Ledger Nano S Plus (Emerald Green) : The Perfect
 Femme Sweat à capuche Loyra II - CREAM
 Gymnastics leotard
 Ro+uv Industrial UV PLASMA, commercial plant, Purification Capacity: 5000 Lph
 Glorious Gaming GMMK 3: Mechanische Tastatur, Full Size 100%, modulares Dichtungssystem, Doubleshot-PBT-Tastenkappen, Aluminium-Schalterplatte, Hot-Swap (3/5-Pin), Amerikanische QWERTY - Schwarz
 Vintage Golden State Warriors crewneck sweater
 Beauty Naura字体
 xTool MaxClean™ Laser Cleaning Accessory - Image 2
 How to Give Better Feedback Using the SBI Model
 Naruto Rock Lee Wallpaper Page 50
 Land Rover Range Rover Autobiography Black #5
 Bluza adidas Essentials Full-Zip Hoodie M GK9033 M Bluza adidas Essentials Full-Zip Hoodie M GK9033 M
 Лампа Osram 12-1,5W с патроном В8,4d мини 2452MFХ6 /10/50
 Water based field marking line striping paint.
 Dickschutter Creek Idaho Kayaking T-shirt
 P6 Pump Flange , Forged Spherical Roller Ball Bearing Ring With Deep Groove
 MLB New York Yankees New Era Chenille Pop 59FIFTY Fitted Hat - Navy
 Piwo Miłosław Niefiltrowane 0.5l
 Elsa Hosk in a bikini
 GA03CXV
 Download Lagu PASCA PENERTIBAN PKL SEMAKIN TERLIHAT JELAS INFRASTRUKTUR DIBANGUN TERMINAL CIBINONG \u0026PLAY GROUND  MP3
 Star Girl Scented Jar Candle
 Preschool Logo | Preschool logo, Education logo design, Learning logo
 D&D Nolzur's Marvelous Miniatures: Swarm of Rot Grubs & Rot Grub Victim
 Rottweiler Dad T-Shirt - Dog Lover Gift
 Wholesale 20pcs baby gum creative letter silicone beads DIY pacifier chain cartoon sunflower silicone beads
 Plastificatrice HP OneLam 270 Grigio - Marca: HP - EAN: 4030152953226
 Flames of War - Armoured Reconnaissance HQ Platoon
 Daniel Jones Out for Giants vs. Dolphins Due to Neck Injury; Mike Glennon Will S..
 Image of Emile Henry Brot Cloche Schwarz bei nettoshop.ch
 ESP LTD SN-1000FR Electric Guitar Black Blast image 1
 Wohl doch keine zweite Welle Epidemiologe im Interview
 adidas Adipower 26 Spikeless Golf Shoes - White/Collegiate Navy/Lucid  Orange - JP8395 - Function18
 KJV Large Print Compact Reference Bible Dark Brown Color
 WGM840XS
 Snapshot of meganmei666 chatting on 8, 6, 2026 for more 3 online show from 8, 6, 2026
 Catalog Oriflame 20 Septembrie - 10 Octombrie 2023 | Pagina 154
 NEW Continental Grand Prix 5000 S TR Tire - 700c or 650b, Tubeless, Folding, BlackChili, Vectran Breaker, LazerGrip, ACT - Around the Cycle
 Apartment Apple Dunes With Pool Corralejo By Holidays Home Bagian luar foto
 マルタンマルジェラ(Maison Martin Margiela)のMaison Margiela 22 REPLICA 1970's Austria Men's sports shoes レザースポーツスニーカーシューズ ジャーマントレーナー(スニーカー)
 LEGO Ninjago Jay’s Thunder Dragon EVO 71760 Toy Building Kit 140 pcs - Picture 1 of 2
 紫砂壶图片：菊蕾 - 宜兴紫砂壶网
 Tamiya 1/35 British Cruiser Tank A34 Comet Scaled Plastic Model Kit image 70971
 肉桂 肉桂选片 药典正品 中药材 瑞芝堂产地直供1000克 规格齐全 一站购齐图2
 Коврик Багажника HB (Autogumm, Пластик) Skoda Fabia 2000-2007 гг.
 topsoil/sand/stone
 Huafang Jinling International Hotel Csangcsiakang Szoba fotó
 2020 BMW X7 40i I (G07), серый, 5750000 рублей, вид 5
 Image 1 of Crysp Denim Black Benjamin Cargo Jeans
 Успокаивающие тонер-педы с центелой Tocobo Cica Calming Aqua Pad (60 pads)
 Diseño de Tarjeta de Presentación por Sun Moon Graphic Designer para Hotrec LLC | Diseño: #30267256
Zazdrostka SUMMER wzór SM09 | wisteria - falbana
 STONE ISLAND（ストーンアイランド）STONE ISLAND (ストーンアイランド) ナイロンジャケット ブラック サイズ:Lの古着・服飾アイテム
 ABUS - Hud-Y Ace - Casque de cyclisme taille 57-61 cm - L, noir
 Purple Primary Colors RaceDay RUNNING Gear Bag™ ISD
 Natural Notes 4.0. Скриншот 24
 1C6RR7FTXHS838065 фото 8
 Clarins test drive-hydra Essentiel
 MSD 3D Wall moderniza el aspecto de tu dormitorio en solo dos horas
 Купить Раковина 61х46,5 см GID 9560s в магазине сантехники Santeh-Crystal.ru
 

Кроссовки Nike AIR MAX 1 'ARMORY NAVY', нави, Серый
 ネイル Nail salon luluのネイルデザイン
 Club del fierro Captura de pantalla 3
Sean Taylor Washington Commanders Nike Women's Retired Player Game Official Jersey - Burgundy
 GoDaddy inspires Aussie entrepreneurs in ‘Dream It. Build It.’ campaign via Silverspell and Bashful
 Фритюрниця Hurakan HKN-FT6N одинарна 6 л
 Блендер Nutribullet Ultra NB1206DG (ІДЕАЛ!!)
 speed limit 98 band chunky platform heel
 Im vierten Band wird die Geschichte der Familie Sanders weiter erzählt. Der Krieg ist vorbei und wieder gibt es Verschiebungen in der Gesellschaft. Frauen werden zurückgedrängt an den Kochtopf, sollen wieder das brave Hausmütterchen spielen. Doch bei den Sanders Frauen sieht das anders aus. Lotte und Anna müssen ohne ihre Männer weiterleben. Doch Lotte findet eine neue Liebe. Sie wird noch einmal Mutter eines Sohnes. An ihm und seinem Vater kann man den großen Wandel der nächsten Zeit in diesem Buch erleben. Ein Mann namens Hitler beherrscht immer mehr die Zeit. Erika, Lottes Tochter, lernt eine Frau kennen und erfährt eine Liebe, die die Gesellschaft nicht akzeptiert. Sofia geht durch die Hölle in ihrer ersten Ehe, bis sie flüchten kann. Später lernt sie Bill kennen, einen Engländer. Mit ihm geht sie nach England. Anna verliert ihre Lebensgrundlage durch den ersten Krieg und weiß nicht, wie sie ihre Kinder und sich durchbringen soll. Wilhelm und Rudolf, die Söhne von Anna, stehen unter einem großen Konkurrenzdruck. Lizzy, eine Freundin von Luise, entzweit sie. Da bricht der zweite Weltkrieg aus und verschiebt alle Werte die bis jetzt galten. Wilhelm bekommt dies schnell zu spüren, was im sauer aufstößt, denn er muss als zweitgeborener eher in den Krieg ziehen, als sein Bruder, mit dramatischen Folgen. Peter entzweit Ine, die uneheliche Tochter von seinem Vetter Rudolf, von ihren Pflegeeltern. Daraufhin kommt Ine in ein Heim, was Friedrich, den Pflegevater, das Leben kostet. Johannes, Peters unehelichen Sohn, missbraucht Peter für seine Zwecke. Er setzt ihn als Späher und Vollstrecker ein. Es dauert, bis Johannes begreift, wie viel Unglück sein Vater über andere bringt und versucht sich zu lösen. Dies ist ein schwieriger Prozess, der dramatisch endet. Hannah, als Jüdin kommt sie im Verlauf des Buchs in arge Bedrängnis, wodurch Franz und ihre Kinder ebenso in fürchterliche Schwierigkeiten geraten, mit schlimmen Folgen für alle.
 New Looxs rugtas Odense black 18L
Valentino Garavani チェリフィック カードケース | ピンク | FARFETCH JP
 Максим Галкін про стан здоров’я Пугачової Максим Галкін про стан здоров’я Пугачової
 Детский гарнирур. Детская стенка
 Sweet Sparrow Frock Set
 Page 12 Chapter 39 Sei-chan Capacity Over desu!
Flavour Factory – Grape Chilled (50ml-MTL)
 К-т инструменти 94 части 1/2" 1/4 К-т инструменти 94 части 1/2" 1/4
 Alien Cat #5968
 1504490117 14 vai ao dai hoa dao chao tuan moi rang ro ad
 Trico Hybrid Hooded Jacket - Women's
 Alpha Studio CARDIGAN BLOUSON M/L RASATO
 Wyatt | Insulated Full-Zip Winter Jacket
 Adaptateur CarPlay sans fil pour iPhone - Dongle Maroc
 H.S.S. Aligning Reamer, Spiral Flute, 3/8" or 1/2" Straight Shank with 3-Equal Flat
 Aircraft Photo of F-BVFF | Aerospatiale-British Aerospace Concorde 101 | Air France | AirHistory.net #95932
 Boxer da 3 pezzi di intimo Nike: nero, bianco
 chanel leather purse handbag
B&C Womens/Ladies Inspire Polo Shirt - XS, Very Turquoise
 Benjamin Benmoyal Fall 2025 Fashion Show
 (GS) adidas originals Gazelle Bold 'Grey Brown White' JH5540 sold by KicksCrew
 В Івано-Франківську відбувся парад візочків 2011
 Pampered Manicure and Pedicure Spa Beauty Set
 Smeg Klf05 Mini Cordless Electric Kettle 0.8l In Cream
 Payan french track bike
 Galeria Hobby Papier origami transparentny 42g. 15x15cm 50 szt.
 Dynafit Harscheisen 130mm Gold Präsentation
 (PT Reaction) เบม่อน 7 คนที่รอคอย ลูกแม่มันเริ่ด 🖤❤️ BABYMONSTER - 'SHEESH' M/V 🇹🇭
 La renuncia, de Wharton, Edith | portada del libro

******************************

== ACTIVITY ==
In the data above, retype exactly and only the lines between the one holding "Education logo design, Learning logo" and the one holding "Apartment Apple Dunes", inclusive.

== ANSWER SPACE ==
 Preschool Logo | Preschool logo, Education logo design, Learning logo
 D&D Nolzur's Marvelous Miniatures: Swarm of Rot Grubs & Rot Grub Victim
 Rottweiler Dad T-Shirt - Dog Lover Gift
 Wholesale 20pcs baby gum creative letter silicone beads DIY pacifier chain cartoon sunflower silicone beads
 Plastificatrice HP OneLam 270 Grigio - Marca: HP - EAN: 4030152953226
 Flames of War - Armoured Reconnaissance HQ Platoon
 Daniel Jones Out for Giants vs. Dolphins Due to Neck Injury; Mike Glennon Will S..
 Image of Emile Henry Brot Cloche Schwarz bei nettoshop.ch
 ESP LTD SN-1000FR Electric Guitar Black Blast image 1
 Wohl doch keine zweite Welle Epidemiologe im Interview
 adidas Adipower 26 Spikeless Golf Shoes - White/Collegiate Navy/Lucid  Orange - JP8395 - Function18
 KJV Large Print Compact Reference Bible Dark Brown Color
 WGM840XS
 Snapshot of meganmei666 chatting on 8, 6, 2026 for more 3 online show from 8, 6, 2026
 Catalog Oriflame 20 Septembrie - 10 Octombrie 2023 | Pagina 154
 NEW Continental Grand Prix 5000 S TR Tire - 700c or 650b, Tubeless, Folding, BlackChili, Vectran Breaker, LazerGrip, ACT - Around the Cycle
 Apartment Apple Dunes With Pool Corralejo By Holidays Home Bagian luar foto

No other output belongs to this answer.